The Toll House is in Main Street, Longside; as the Toll House was sympathetically extended in 2008, it still allows the original features of the toll houses to be seen.

==Expansion==
In 2007, the village was expanded when a residential housing development of 33 houses was undertaken adjacent to Skinner Road, on the western edge of the village opposite the golf course. A further 21 houses were built on the same development in 2008. Further residential development is planned through to 2015.

==Events==
Each year, an annual gala is held in May. The Longside Gala is the first Gala held in the area each season. Always well supported by the local community, the weekend of events includes activities ranging from a parade, five a side football, netball and Tae Kwon Do. There is an outside stage set up for various entertainments; a gala dance in a marquee on Saturday evening and various events are also held throughout the Sunday.

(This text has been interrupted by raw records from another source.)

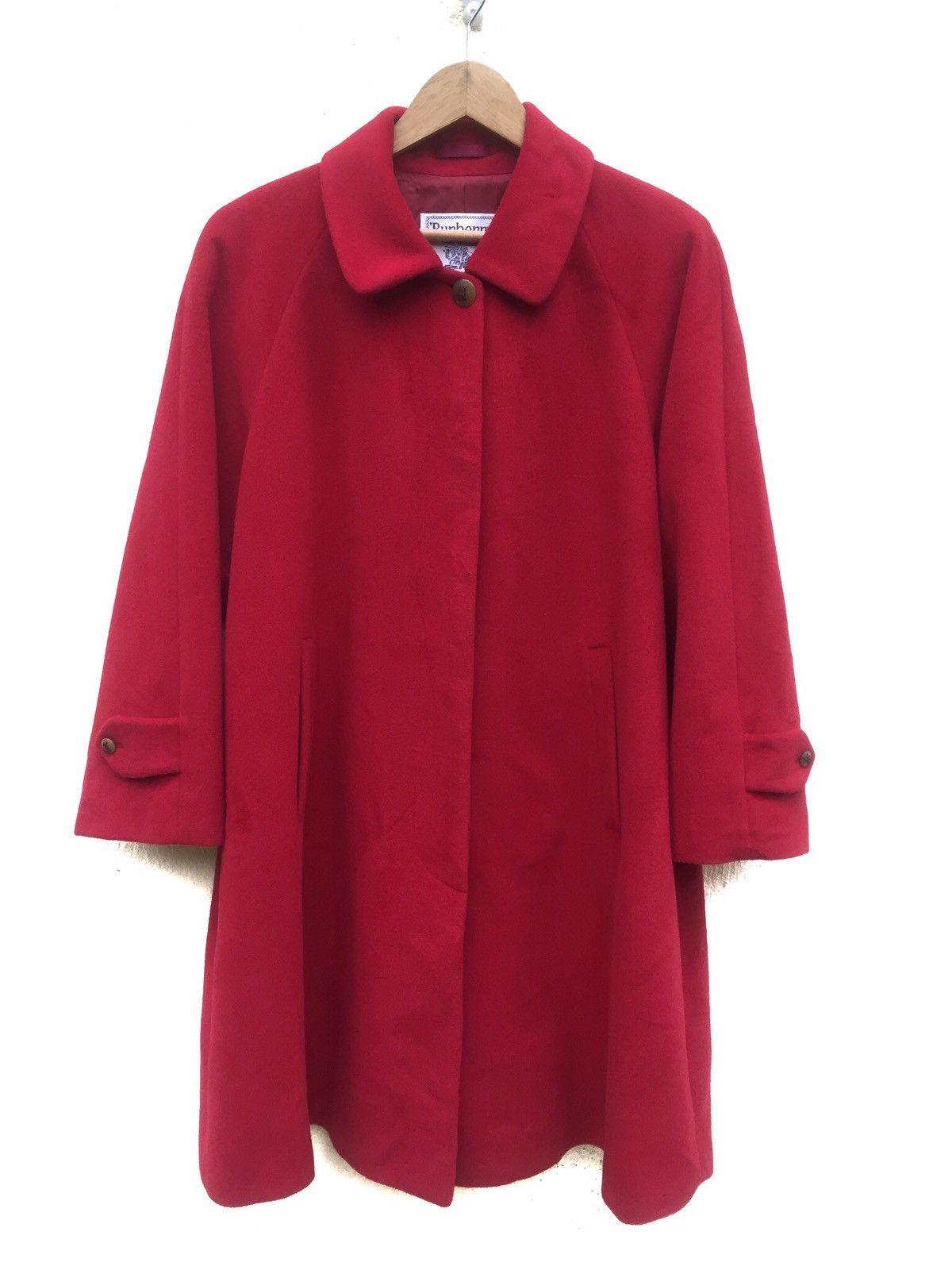Burberry Prorsum × Vintage Red burberrys wool trench coat Size US S / EU 44-46 / 1 - 1 Thumbnail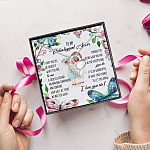 1N.To My Unbiological Sister Forever Love Necklace (Silver) 5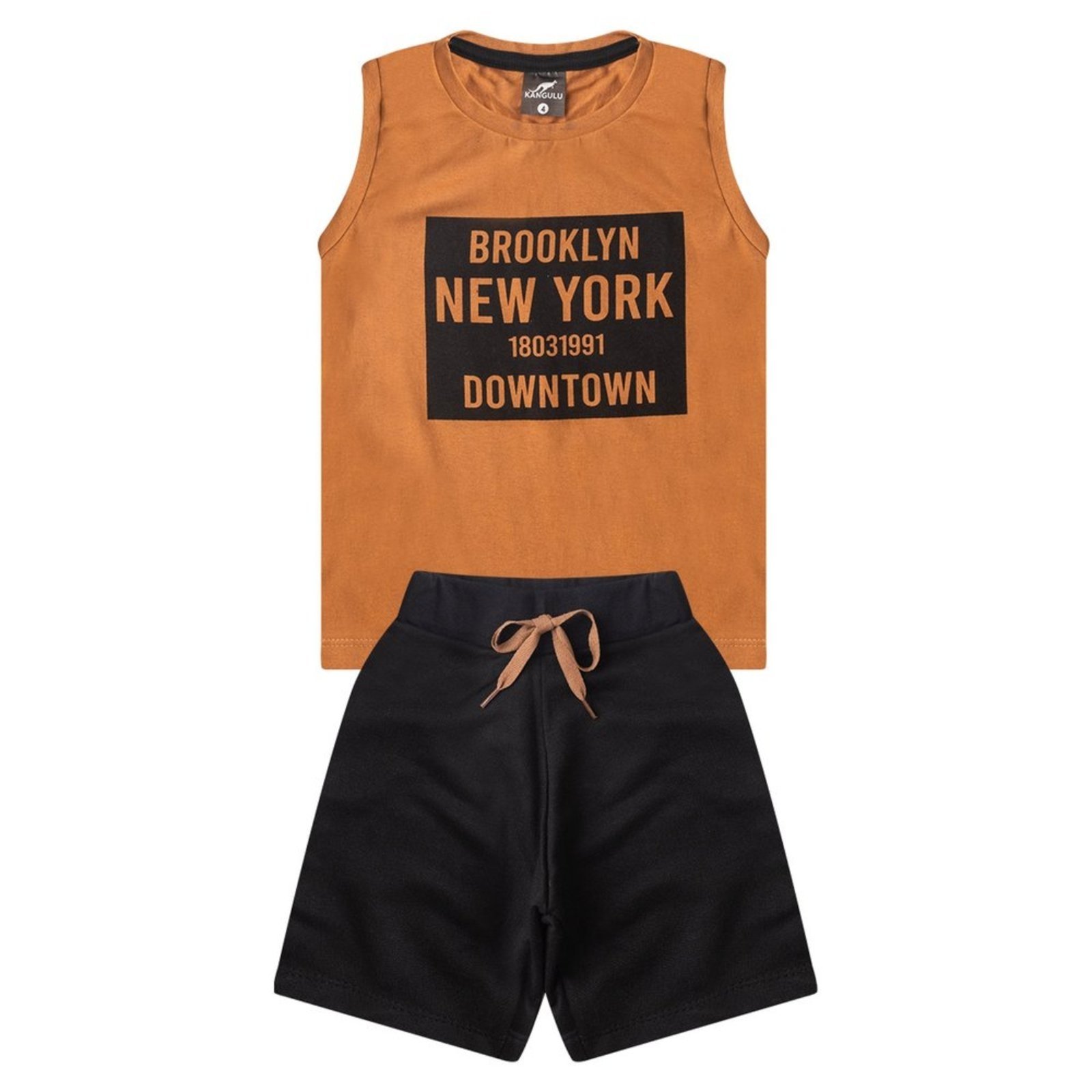 Infantil - Conjunto Menino Verão Regata Brooklyn Kangulu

The Local Community Council works closely with the Gala committee and it also organises an annual Gardens competition, an environmental project which has run for many years. A stretch of the Formartine and Buchan Railway Line runs alongside the village and the Community Council provided seating along the walk, a welcome facility popular with local cyclists, walkers and dog walkers.

==People==

- George Gatherer Wilson (1872-1949), son of Rev Thomas Lockerby Wilson (1810-1894) of the Free Church of Scotland in Longside. Working in a mission in Peking in the early 1900s he was awarded the Imperial Chinese Order of the Double Dragon by the Emperor in 1911 for his work in the city during the pneumonic plague.